Alla vigilia del 25 aprile si ripetono le liturgie consuete. La retorica, gli inganni, le strumentalizzazioni di parte rende questa data fastidiosa a molti e lascia indifferenti la stragrande maggioranza degli Italiani, per i quali è un prolungamento vacanziero del ponte pasquale.

Solo la politica, quella ufficiale, si appassiona ancora a questa data e ci sommerge di cerimonie a cui non si sottraggono le “più alte cariche dello stato”, questa volta con l’eccezione di qualche ministro che non accetta di partecipare alla commedia degli inganni.

Ma la rappresentazione è vecchia. La lettura ufficiale degli avvenimenti di più di 70 anni fa non regge alla migliore ricostruzione storiografica, il copione è scontato. I giovani, quelli veri e ruspanti disertano non solo per cattiva volontà le commemorazioni spesso patetiche che si svolgono nelle piazze d’Italia.

Chi manifesta ha nelle mente più facilmente il bersaglio di Salvini che il tema di cosa veramente accadde, della tragedia che attraversò il popolo italiano. La guerra civile, il dolore delle famiglie, il regolamento impietoso dei conti.

Eppure, una lezione la possiamo fare nostra. Il fascismo non fu lo stato.

Lo stato fu il Re. E molti Italiani, la parte migliore, nel momento della scelta cruciale non esitò a riconoscersi nel Re. Combattuti da due fuochi si ritrovarono a rigettare la dittatura del partito unico e nello stesso tempo contrastarono con le loro povere forze la nascente dittatura dei partiti. Fu una posizione eroica che le commemorazioni ufficiali hanno sempre negato o ignorato.
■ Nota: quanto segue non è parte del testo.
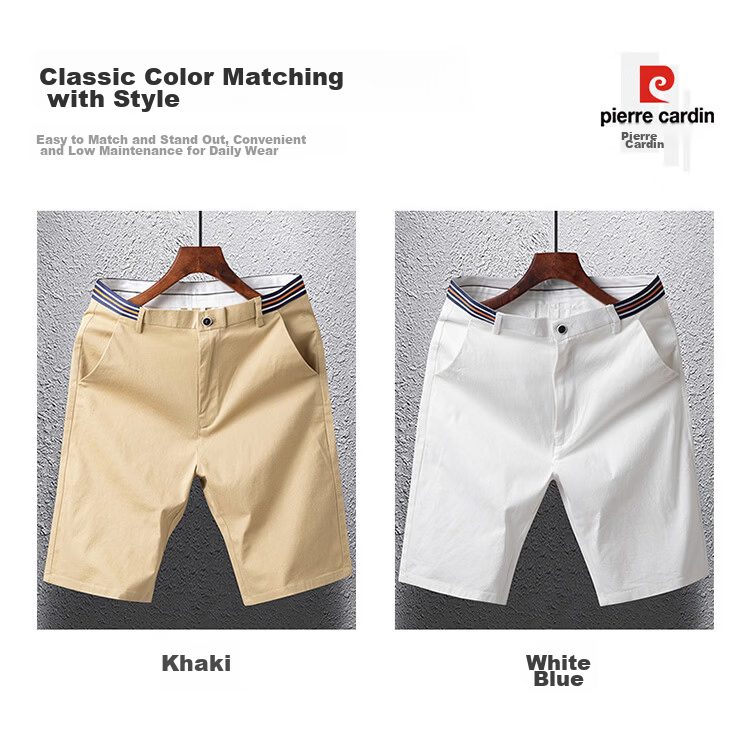 Pierre Cardin Men's Summer Casual Straight-Leg Loose Cotton Stretch Shorts Khaki Size 36 9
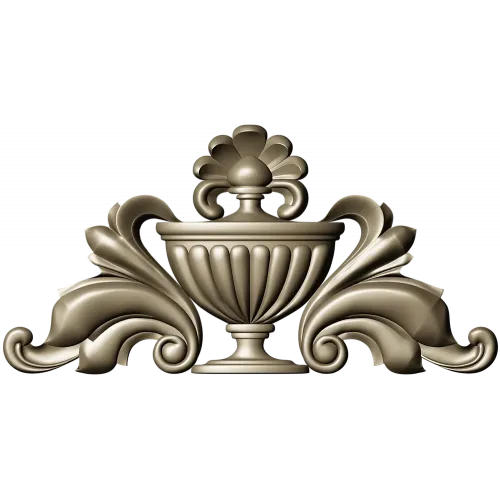 Classical Acanthus Urn Cartouche - STL 3D Model for CNC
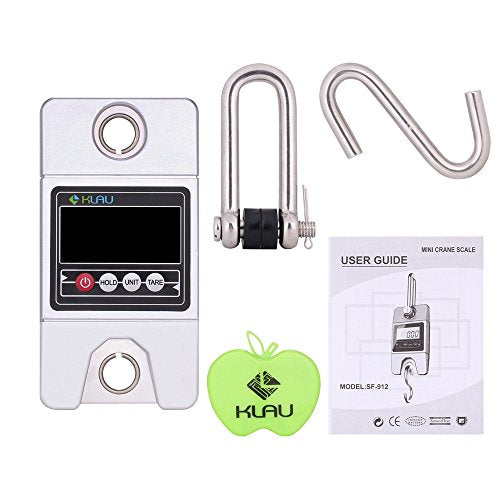 Klau Digital Hanging Scale, Silver, 300 Kilogram / 600 lb | High Precision Sensor, Industrial Crane Scale, For Farm Factory Hunting Outdoor - color: Silver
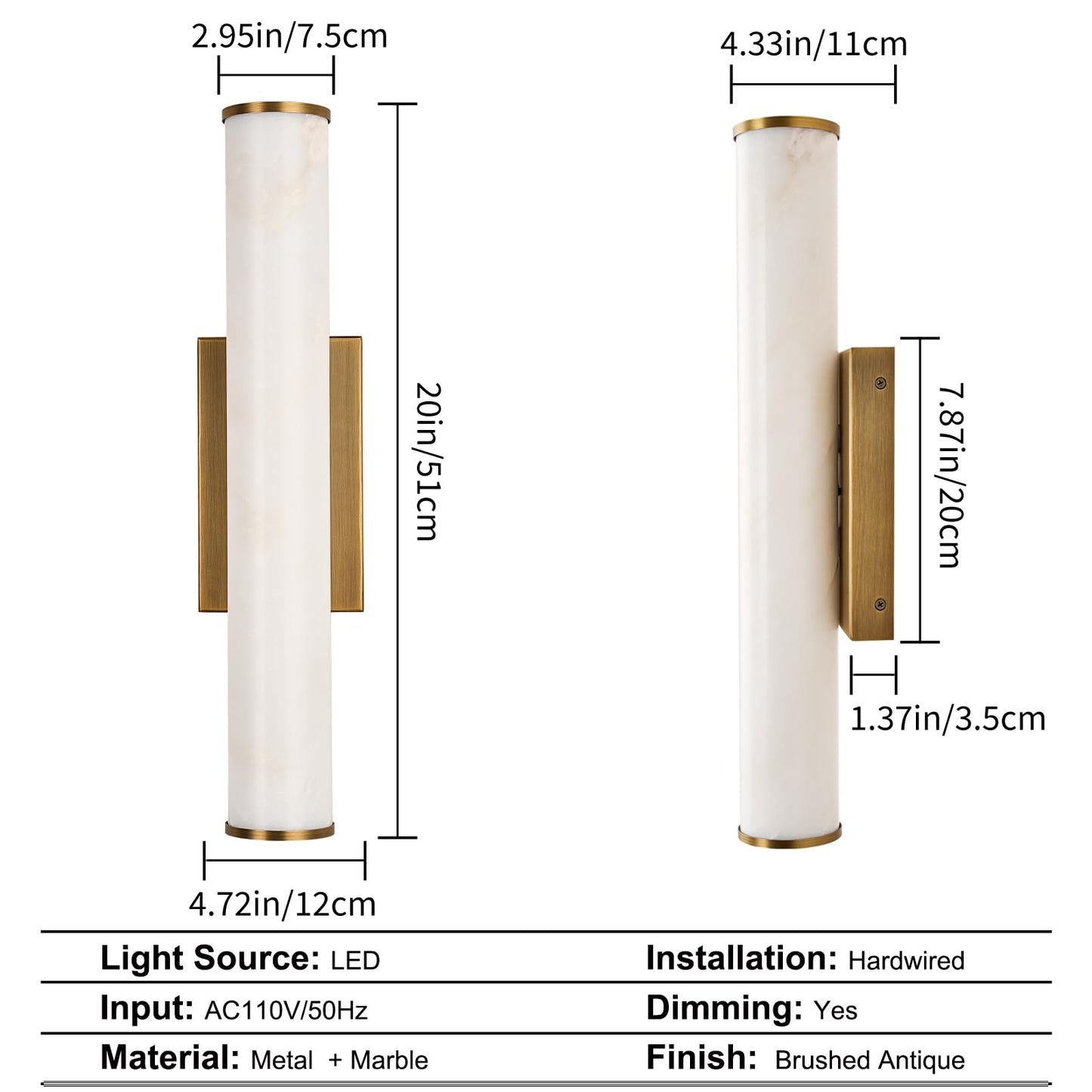 Alabaster Wall Sconces, 20" Brass Wall Sconce, Cylinder Natural Marble Sconces Wall Lighting, Modern Stepless Dimmable Sconces Lighting for Bathroom Living Room Bedroom Stairs Hallway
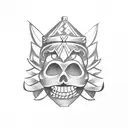 Incorporate a Hawaiian tiki mask with a construction tool to represent your occupation and favorite place tattoo design idea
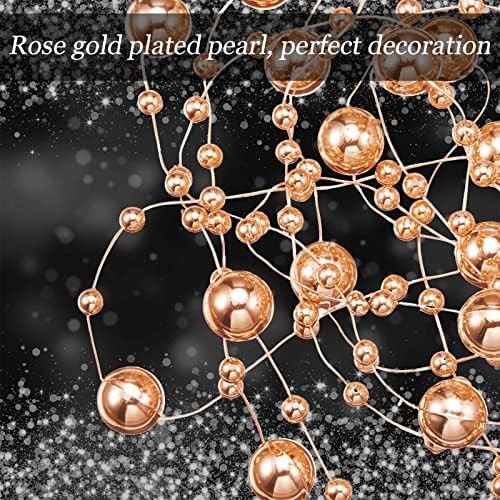 Artificial pearl bead garland floating candle vase decor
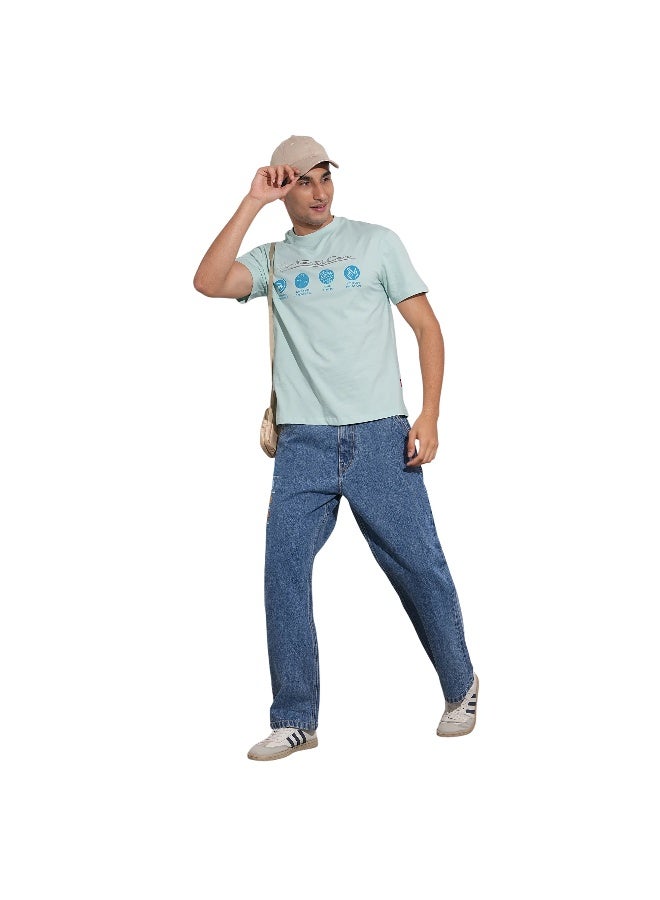 Being Human تي شيرت رجالي أزرق فاتح من Fantastic Four بياقة دائرية - Image 5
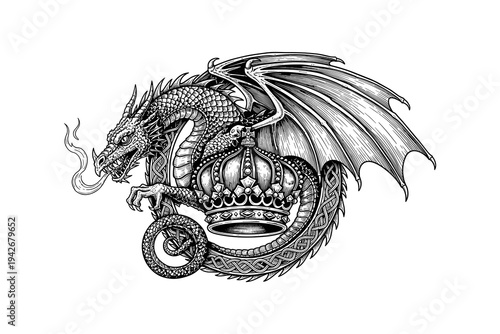 Intricate dragon wrapped around crown breathing fire in detailed monochrome design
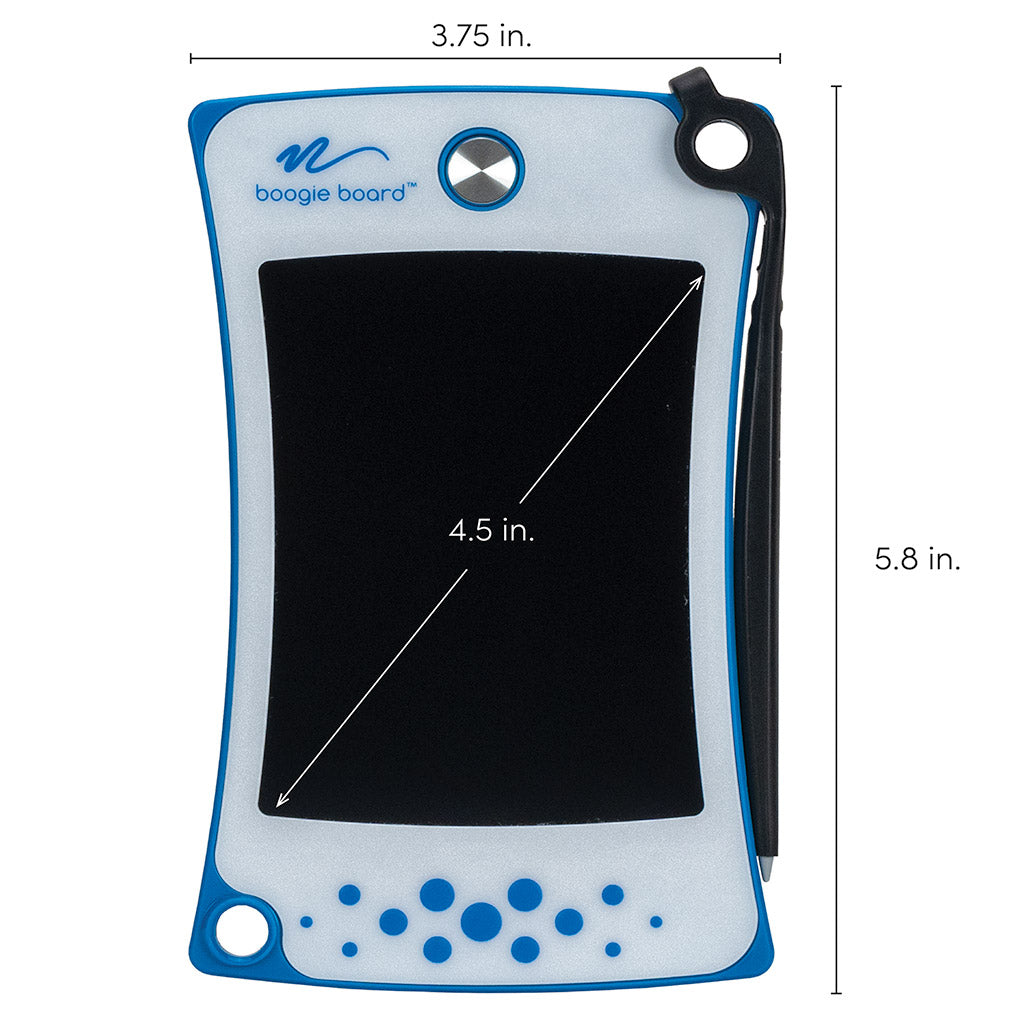 Jot™ Pocket Writing Tablet Blue with screen and tablet dimensions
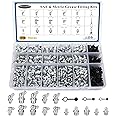 310PCS SAE & Metric Grease Nipple Assortment Kit, Hydraulic Grease Fittings Standard with Plastic Grease Fitting Caps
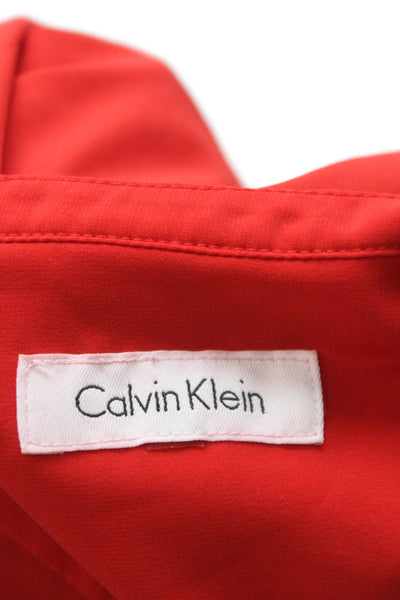 Calvin Klein Women Tunic Blouse Red V-Neck 3/4 Sleeve Polyester Casual Size M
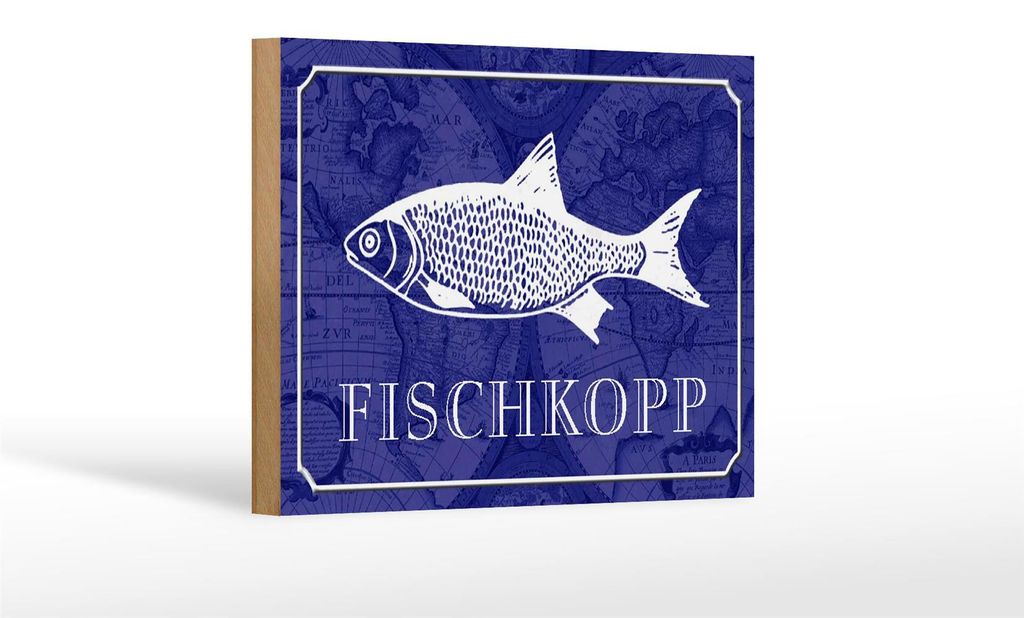 Holzschild Spruch 18x12cm Fischkopp Fisch Schild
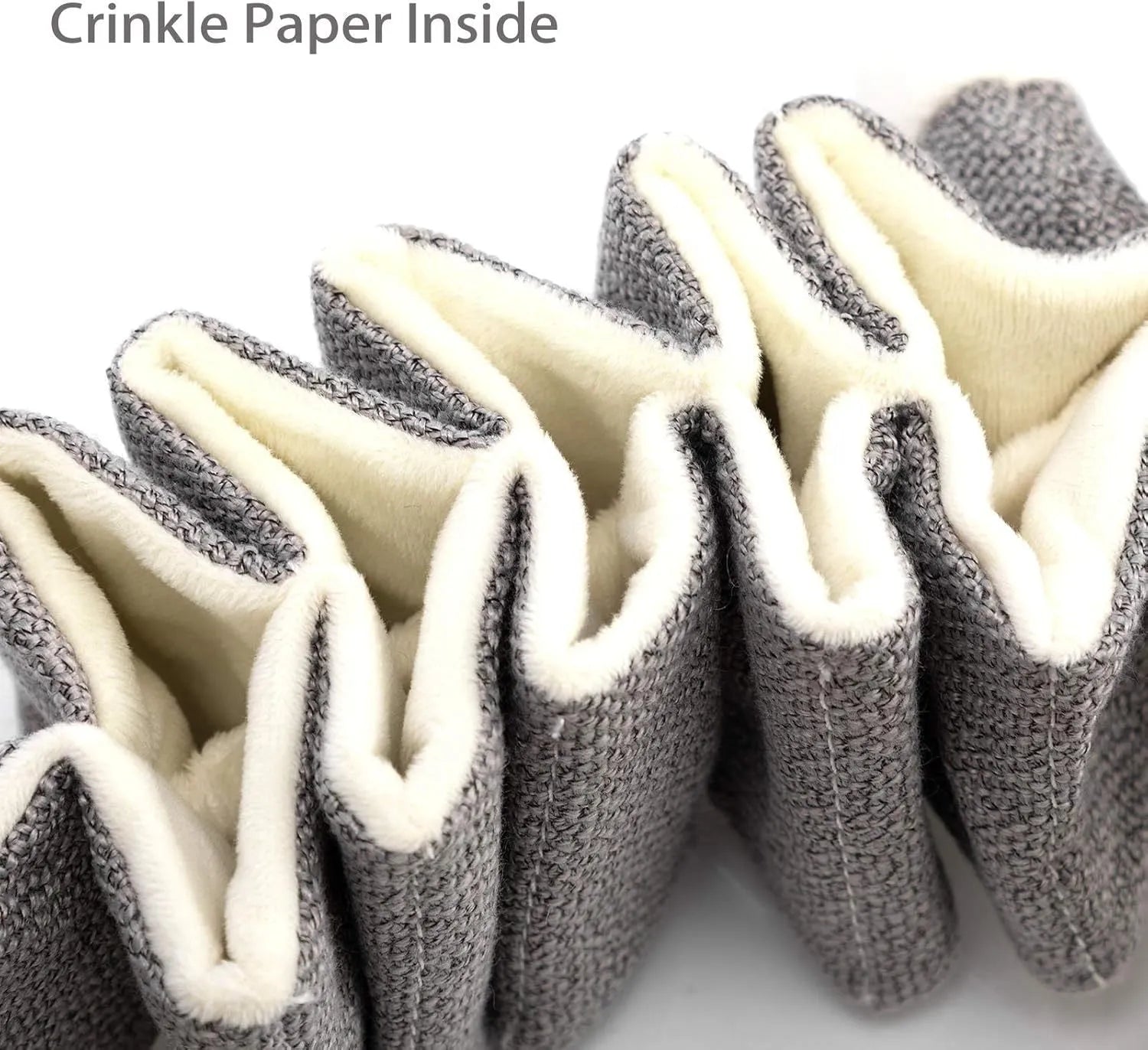 Grey koala dog chew toy with crinkle paper, measuring 30cm long, for small medium large dogs.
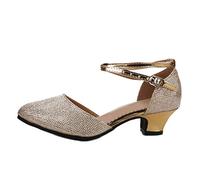 JUODVMP Scarpe da Ballo Latino con Tacchi a Punta Chiusa per Il Ballo da Sala Scarpe da Donna, Oro-3,5 cm,42 EU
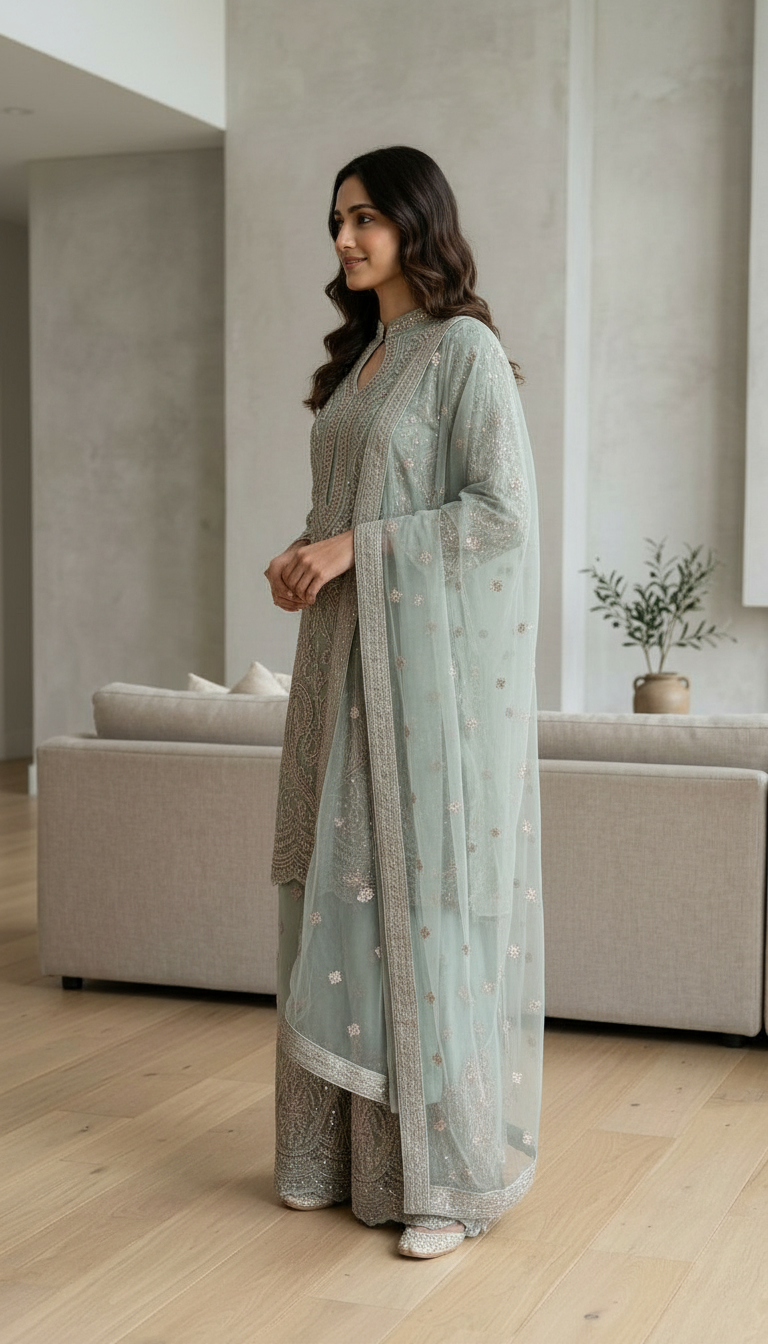 Heavy Embroidered Net Work Party Wear Stitched Flapper Suit Set - 7590 C Pista Green L / HC002430 view 2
Questa minoranza ha riscattato l’onore nazionale, sia sul piano militare che sul piano spirituale.

I molti che sono stati dietro la finestra o si sono piegati al servaggio dei partiti devono a questa minoranza se possono parlare a testa alta di lotta per la libertà.

Il Re ha incarnato questa tradizione per la semplice ragione che  non deve nulla ai partiti, né al fascismo né all’antifascismo. Il Re non è scelto dai partiti, è il frutto della storia. Scusate se è poco.